# The problem
Sift the listing for lines that hold the string "with" and pull them out.

# Source material
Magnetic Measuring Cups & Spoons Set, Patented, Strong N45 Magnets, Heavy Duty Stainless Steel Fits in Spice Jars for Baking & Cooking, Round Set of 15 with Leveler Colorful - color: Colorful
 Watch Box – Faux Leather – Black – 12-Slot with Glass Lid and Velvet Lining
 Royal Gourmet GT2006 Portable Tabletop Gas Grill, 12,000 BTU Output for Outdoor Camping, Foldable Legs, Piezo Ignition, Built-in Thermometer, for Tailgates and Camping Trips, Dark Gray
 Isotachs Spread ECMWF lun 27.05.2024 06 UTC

# Answer space
Magnetic Measuring Cups & Spoons Set, Patented, Strong N45 Magnets, Heavy Duty Stainless Steel Fits in Spice Jars for Baking & Cooking, Round Set of 15 with Leveler Colorful - color: Colorful
 Watch Box – Faux Leather – Black – 12-Slot with Glass Lid and Velvet Lining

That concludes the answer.